SAM NAFFZIGER (Intel, Fort Collins, CO)

Sam Naffziger is an Intel fellow directing Itanium Circuits and Technology in the Digital Enterprise Group. He provides technical direction for the design of Itanium microprocessors and exploring and developing technologies for a broad range of Intel's server processors.  Naffziger joined Intel in 2005 as part of Intel's hiring action of the Hewlett-Packard processor design team, in which he led development of the Itanium2 processor roadmap for eight years.  He joined HP in 1988 in the ASIC design group before moving to processor development where he became a technical lead for PA-RISC processor development and contributed to significant advances in that architecture.  He holds 59 U.S. patents and has published papers in the Journal of Solid-State Circuits and the Journal of VLSI.

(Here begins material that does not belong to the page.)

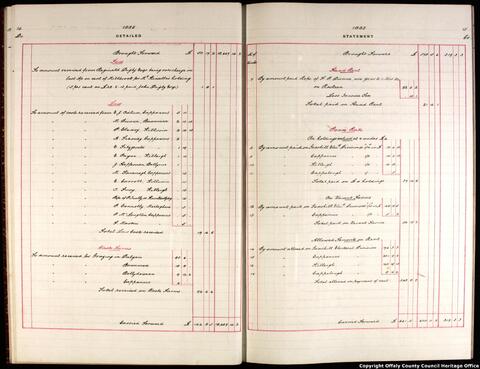 Open original Digital object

PATRICK MAHONEY (Intel, Fort Collins, CO)
Patrick Mahoney is a Staff Engineer at Intel and works on the Itanium family of processors in the Digital Enterprise Group where his focus has been on high-speed digital circuit design.  He joined Intel in 1995 and worked on the cache design of Intel's Pentium microprocessor.  In 1997, he moved to Fort Collins, CO, and joined the Itanium 2 microprocessor team working on circuitry for the L1 data cache for the first Itanium 2 codenamed McKinley.  More recently he worked on the design of the clock distribution system on the newest Itanium processor code named Montecito.  He holds a BSc and MSc Electronics from Durham University, Durham, United Kingdom.

BRUCE DOYLE (Intel, Fort Collins, CO)
Bruce Doyle is a Staff Engineer at Intel and works on the Itanium family of processors in the Digital Enterprise Group.  His main focus has been circuit and architectural contributions to the advance clocking system found the newest Itanium processor code named Montecito.  Doyle joined Intel in 2005 as part of Intel's hiring action of the Hewlett-Packard processor design team.  He joined HP in 2002 and since then has focused on the design and development of high speed links based I/Os and advanced clocking systems.  Prior to joining HP he worked in the areas of memories, graphic accelerators, and LCOS displays with a strong focus on mixed signal and analog design.  He holds 11 U.S. Patents.

BEN PATELLA (Intel, Fort Collins, CO)
Ben Patella is a Design Engineer at Intel and works on the Itanium family of processors in the Digital Enterprise Group.  His main focus has been circuit and architectural contributions to Montecito's Voltage to Frequency Converter, which enables variable frequency clocks for Foxton power management.  Patella joined Intel in 2005 as part of Intel's hiring action of the Hewlett-Packard processor design team.  He joined HP in 2001 after receiving his BS in Computer Engineering and MSEE from the University of Colorado, Boulder, CO.  Patella's M.S. thesis, "Implementation of a Low-Power, High Frequency Digital Pulse Width Modulation Controller", won the Engineering College award for Excellence in Scholarship and Research.

JIM IGNOWSKI (Intel, Fort Collins, CO)
Jim Ignowski is currently employed by Intel, working on the Itanium family of processors in the Digital Enterprise Group.  His primary focus is analog circuit design for thermal and power management (Foxton Technology) on the newest Itanium processor code named Montecito.  Ignowski joined Intel in 2005 as part of Intel's hiring action of the Hewlett-Packard processor design team.  He joined HP in 1984 and held a number of individual contributor and technical management positions in R&D, manufacturing, and marketing.  He has a BSEE from Rice University, Houston, TX, and an MSEE from Stanford University, Stanford, CA, and holds 3 U.S. Patents.